## [PROBLEM TO SOLVE]
Give again, unaltered, the lines of the listing below that run from the line having "Satılır 3 otaqlı yeni tikili 73 m²" through the line having "Jak stworzyć kuchnię w stylu high-tech?".

## [DATASET CONTENT]
---+---

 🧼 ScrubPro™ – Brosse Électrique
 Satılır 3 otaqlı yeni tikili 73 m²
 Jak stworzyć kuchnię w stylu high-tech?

---+---

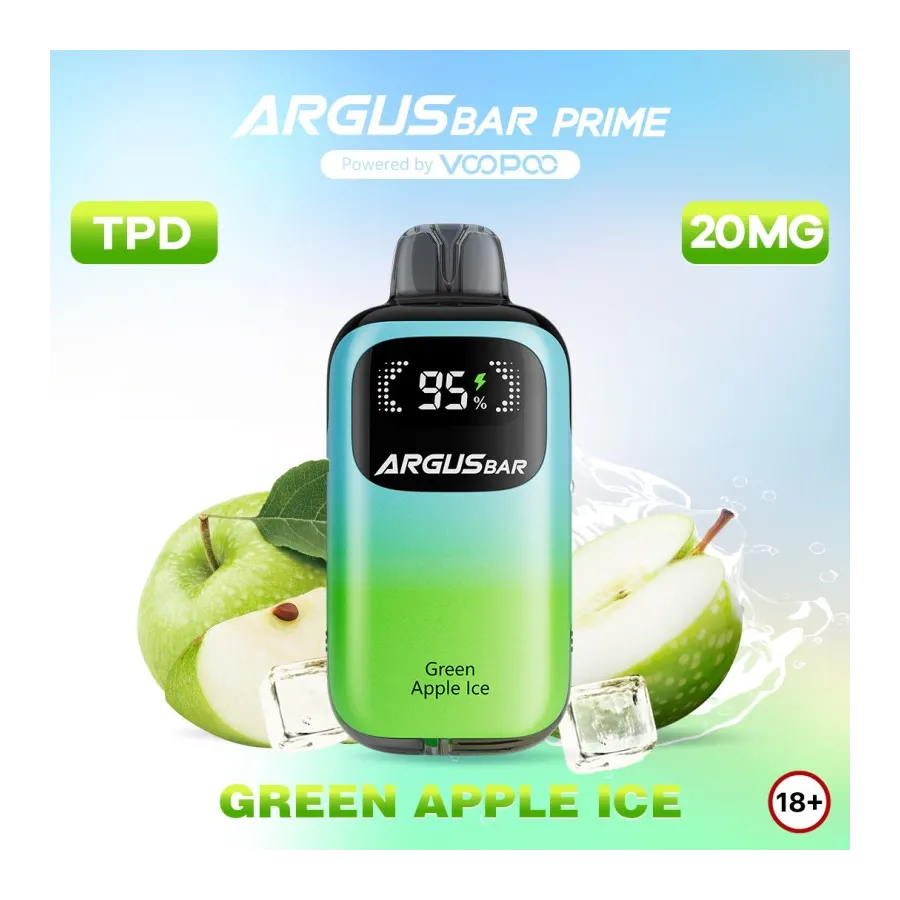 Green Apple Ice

---+---

## [SOLUTION BELOW]
 Satılır 3 otaqlı yeni tikili 73 m²
 Jak stworzyć kuchnię w stylu high-tech?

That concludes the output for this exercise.